20. Mr Bazini submitted that this passage in the Guidance showed that the Secretary of State recognised that the impact upon extended family members could be an insurmountable obstacle in certain circumstances. Accordingly, there was no error of law in the Judge’s approach. The error of law challenge was no more than an expression of disagreement with findings that were reasonably open to the Judge, for the reasons which he gave. It was a perfectly lawful decision, and in effect it was a “sour grapes” challenge. It might be that another Judge would have reached a different conclusion on the same evidence, but that was not the test.
21. In reply, Ms Nwachoko reiterated her submission that the Judge had failed to give an adequate explanation for his conclusion that EX.1 applied. The evidence did not disclose an unusual or exceptional dependency. This was why the grounds of appeal made reference to the absence of a care plan for the appellant’s grandmother.
Discussion and Conclusions
29. Before turning to my analysis of this case, I remind myself of the need to show appropriate restraint before interfering with a decision of the First-tier Tribunal, having regard to numerous exhortations to this effect emanating from the Court of Appeal in recent years, including in Volpi & another v Volpi [2022] EWCA Civ 464 at [2].
30. Ground 1 was not pursued by Ms Nwachoko, but it is helpful to consider it briefly, as the discussion illuminates the issue which arises under Ground 2.
31. The appellant is an overstayer, but he does not otherwise have an adverse history such as to fall foul of the suitability requirement. Accordingly, the public interest does not require him to return to Albania to apply for entry clearance in order to regularise his immigration status if EX.1(b) applies.

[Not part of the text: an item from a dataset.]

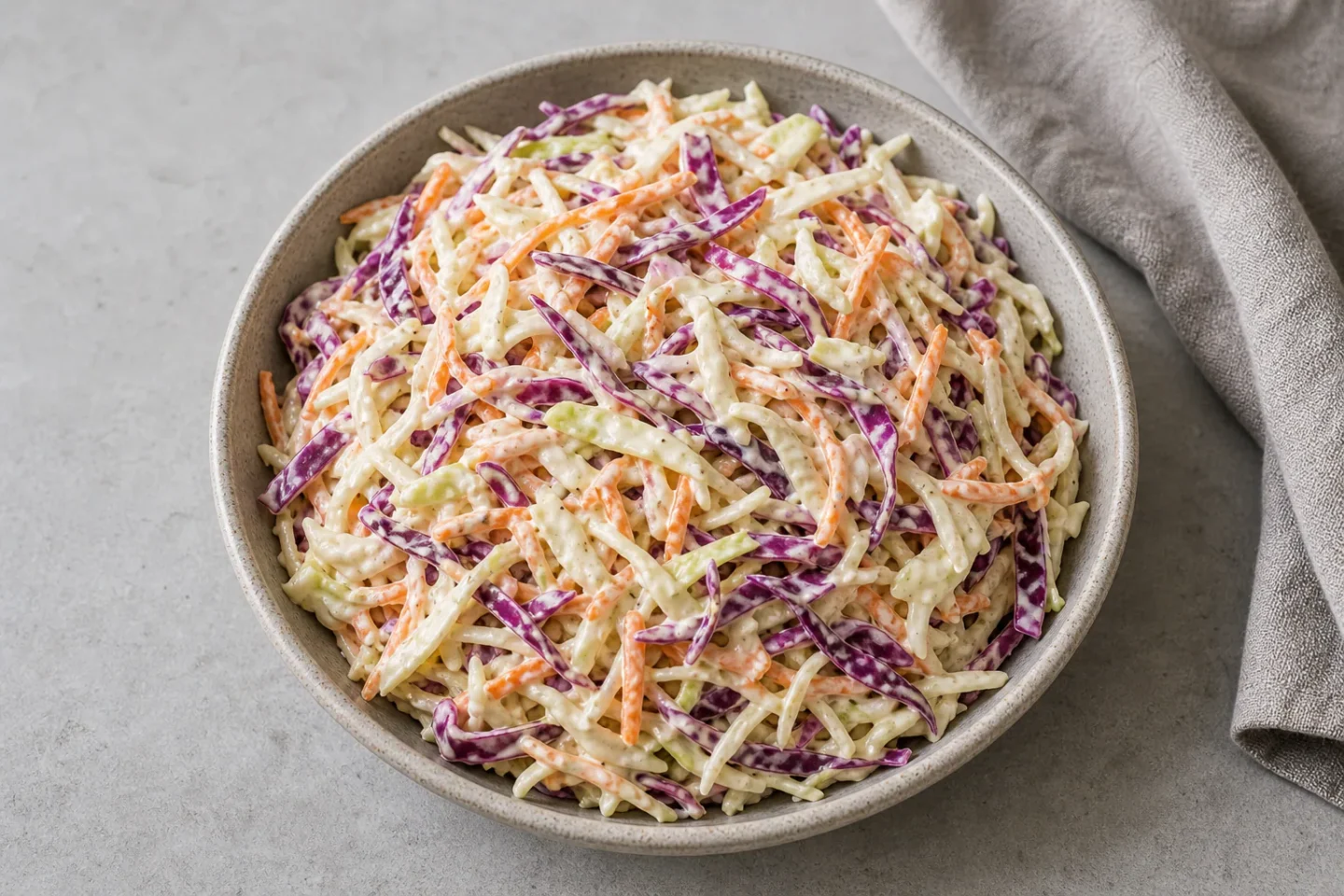 Coleslaw i skål med hvidkål, rødkål, gulerod og cremet dressing.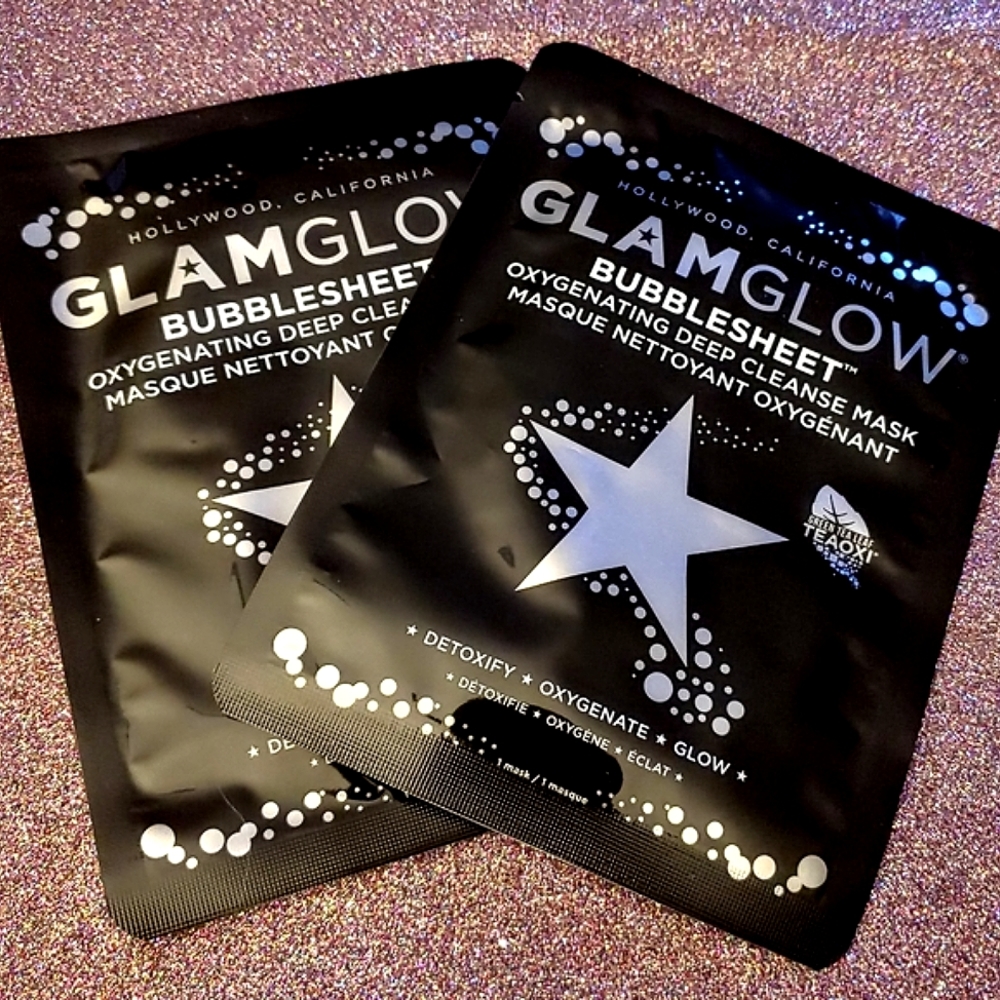 Set of 2 GLAMGLOW BUBBLESHEET Oxygenating Deep Cleanse Masks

32. The corollary of this is that EX.1 must be applied without any immigration or proportionality “overtones”. EX.1 would not fall for consideration if the appellant met the immigration status requirement, and therefore it would have been wholly wrong for the Judge to allow his analysis to be contaminated by taking into account the reasonableness or viability of the appellant returning to Albanian to seek entry clearance in the event that EX.1 did not apply. The stringency of the test to be applied under EX.1 does not vary according to the strength or weakness of the applicant’s case outside the Rules.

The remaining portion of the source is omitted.